9.8.4 We may pause the five (5) day timescale for reimbursement when we require further information to assess your APP fraud claim. We may only pause the five (5) day reimbursement timescale for as long as is necessary to complete our assessment. We must complete the assessment, decide whether the APP fraud claim (or any payment within the APP fraud claim) is reimbursable (and must close the claim) before the end of the thirty-fifth (35th) business day following the reporting of the APP fraud claim.

9.8.5 You may not receive a refund for an APP fraud payment where you have not met the eligibility criteria (as defined by the Rules). This may include, but is not limited to:

9.8.5.1. your failure to respond to any reasonable and proportionate requests for information by or on behalf of Modulr;

9.8.5.2. your failure to consent to Modulr reporting your APP fraud claim to the police or the relevant national competent authority;

9.8.5.3 where we reasonably believe (taking into account all relevant circumstance (including your personal situation)) you have been grossly negligent in the payment instruction and should have known you were being tricked into sending money to a fraudster; and

9.8.5.4. where an intervention is made by or on behalf of Modulr and/or a national competent authority relating your payment instruction and you do not pay due regard to such intervention.

10. VARIATION

10.1 We may change these Terms and Conditions by providing you with at least two months’ prior notice by e-mail (provided you have supplied us with an up-to-date e-mail address).

10.2 If you do not agree with the changes to the Terms and Conditions, you may at any time within the two months’ notice period notify us and these Terms and Conditions will be terminated and your Account closed. If you do not notify us to the contrary during this period then you will be deemed to have accepted the change and it will apply to you when it comes into force.

10.3 If any part of these Terms and Conditions are inconsistent with any legal requirements then we will not rely on that part but treat it as if it did actually reflect the relevant legal requirement. If we need to make operational changes before we can fully comply with the new regulatory requirement, we will make those changes as soon as reasonably practical. 

11. TERMINATION OR SUSPENSION

11.1 We can terminate your Account at any time if we give you two months’ notice and transfer any Available Balance at the time to your nominated bank account without a charge.

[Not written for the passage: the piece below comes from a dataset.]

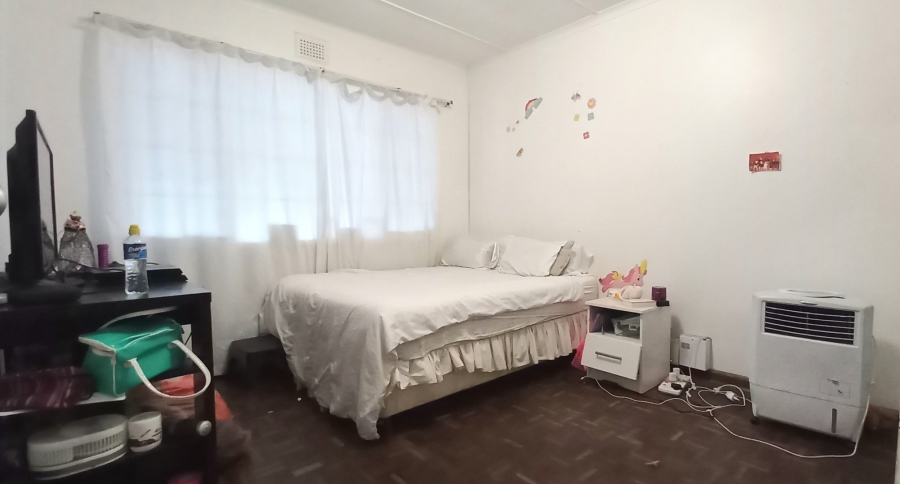 6 Bedroom Property for Sale in Westville Central KwaZulu-Natal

11.2 We can suspend or terminate your Account at any time with immediate effect (and until your default has been remedied or the Agreement terminated) without any prior notice to you if:

11.2.1 we discover any of the Information that we hold for you is materially incorrect; or

11.2.2 if we have reason to believe that you, the Account Manager, the Cardholder or a third party has committed or is about to commit a crime or other abuse (including fraud) in connection with your Account; or

11.2.3 if you have reached your Account Limit; or

11.2.4 you or the Account Manager have breached these Terms and Conditions.

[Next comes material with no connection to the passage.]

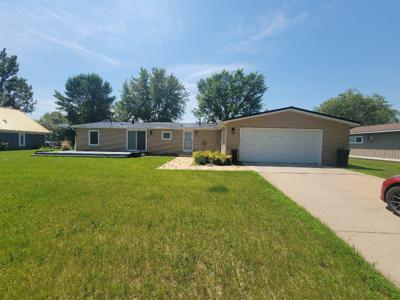 45735 Whispering Sands Trail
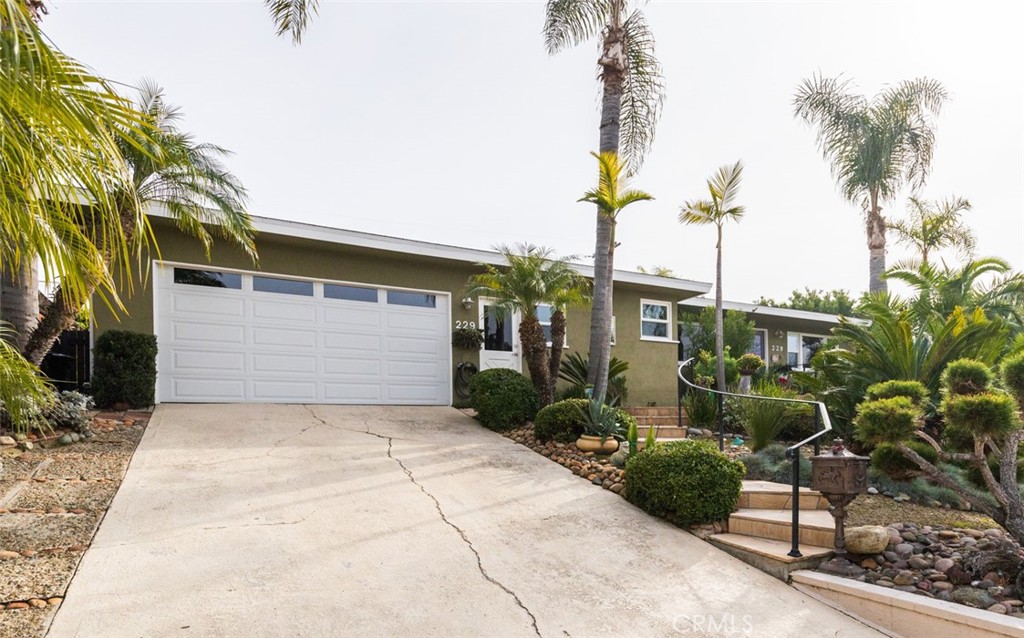 229 W Avenida Cordoba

11.3 In the event that we do suspend or terminate your Account then if we are able to do so, we will tell you in advance otherwise we will let you know immediately afterwards (to the extent we are permitted by law). 

12. OUR LIABILITY

12.1 Our liability and the liability of our agents in connection with these Terms and Conditions (whether arising in contract, tort (including negligence), breach of statutory duty or otherwise) shall be subject to the following exclusions and limitations:

12.1.1 Neither we nor our agents shall be liable for any default resulting directly or indirectly from any cause beyond our control, including but not limited to, a lack of funds;

12.1.2 Neither we nor our agents shall be liable for any loss of profits, loss of business, or any indirect, consequential, special or punitive losses;

12.1.3 where sums are incorrectly deducted from your Available Balance due to our default, our liability and that of our agents shall be limited to payment to you of an equivalent amount to that which was incorrectly deducted from your Available

Balance;

12.1.4 in all other circumstances of our default, our liability or that of our agents will be limited to transferring any Available Balance to your nominated bank account.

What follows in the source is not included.